Walter Sisulu University was founded in 2005 following the merger of three universities in the Eastern Cape. Strategically located within the Eastern Cape, WSU straddles a vast spectrum of the urban and rural divide of the region. One of the institution’s goals is to foster community and university engagement in order to strengthen the government’s ability to aid the Eastern Cape province. WSU’s website>>
This project focuses on sustainable community, economic and institutional development in a holistic way through working with local partners in South Africa. It seeks to support poverty reduction and increases access to incomes and employment through skills development, thereby enhancing WSU’s community outreach mandate.
The African Rondavel Cooperative is an artist-driven economic and community development that is focusing on the rural and poor areas within Eastern Cape South Africa. The foundation of the ARC is based on using varying degrees of culture as an impetus for job creation within impoverished areas by creating and working with existing sewing and craft cooperatives while engaging designers and other visual artist in the process. The Walter Sisulu University Fashion Department is as a primary partner in this initiative to assist in training, development and creating an outlet for its fashion students to participate in the social development of their country while applying their acquired knowledge.
Third-year LL.B students have the opportunity to participate in the Street Law Service Learning Programme, which aims to inform rural community members about their human rights. Students receive training before facilitating workshops in the rural areas. Among the subjects addressed are HIV/AIDS and the law, domestic violence, democracy, citizen participation, and xenophobia. Students are evaluated on their presentations and they help evaluate the workshops. They also volunteer in Walter Sisulu University’s law clinic, where community members can seek additional assistance.
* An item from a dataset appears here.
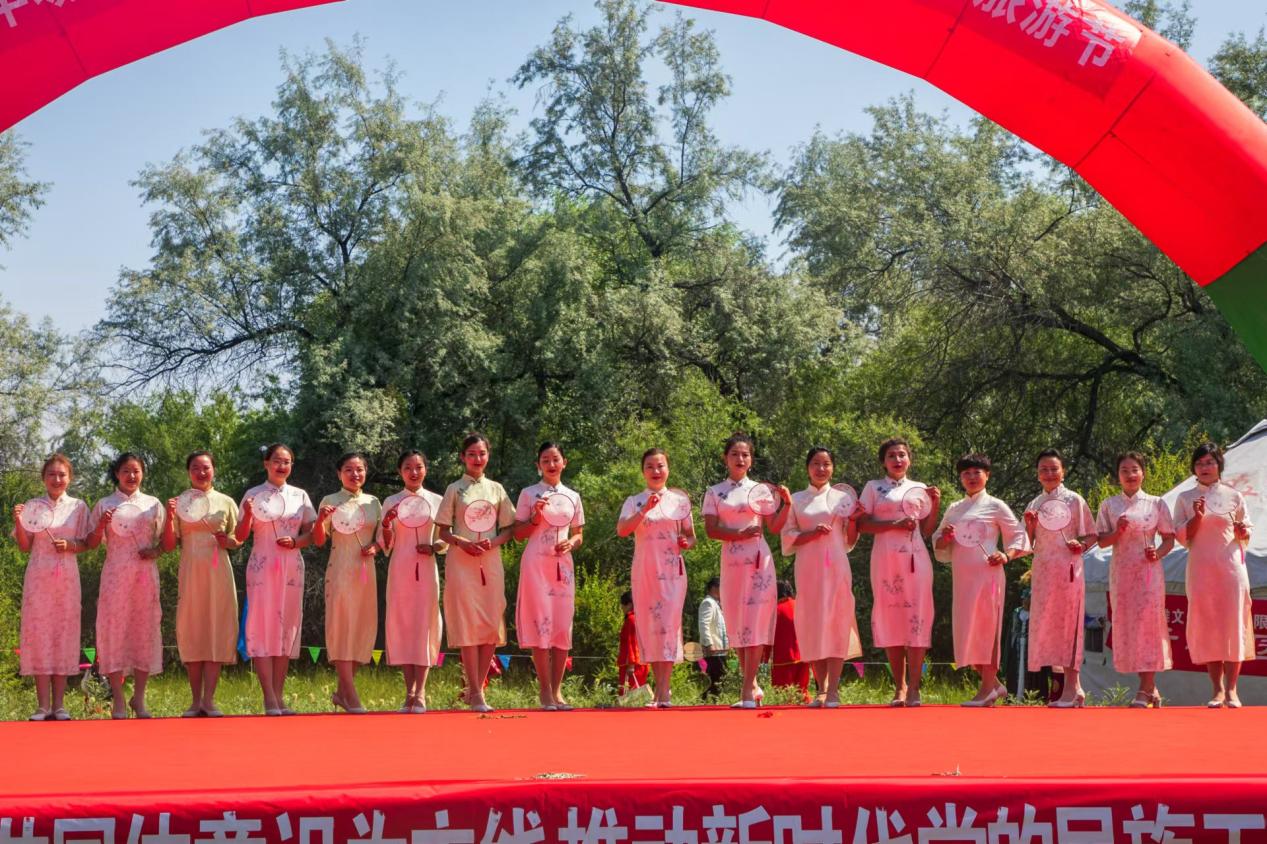 b2ae348f6d7bf66b66c7099012ea0a1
Established in 2001, WSU’s Population Medicine program seeks to train doctors to be able to work in the rural areas. The main purpose of the program is to integrate teaching, research and service at community level and to change the traditional teaching system and the students’ necessity to work on real-life problems. WSU students with faculty tutors make weekly visits to rural clinics and communities.
The overall aim of the TABEISA is to generate increased employment for people from disadvantaged communities and to foster small business creation. WSU works with other universities to develop strategies to ensure that higher education is fully accessible to previously disadvantaged South Africans.
The Child and Adolescent Development SL Module, one of several service learning courses at Walter Sisulu University, is offered to third-year Psychology students as an opportunity to do hands-on counseling work. University students visit orphanages, hospitals, and schools to offer their services to children who have suffered emotional trauma. Because they are often close in age, the children relate to the university students. The service learning module allows students to gain practical experience while offering counseling to children who would normally not have access to those services.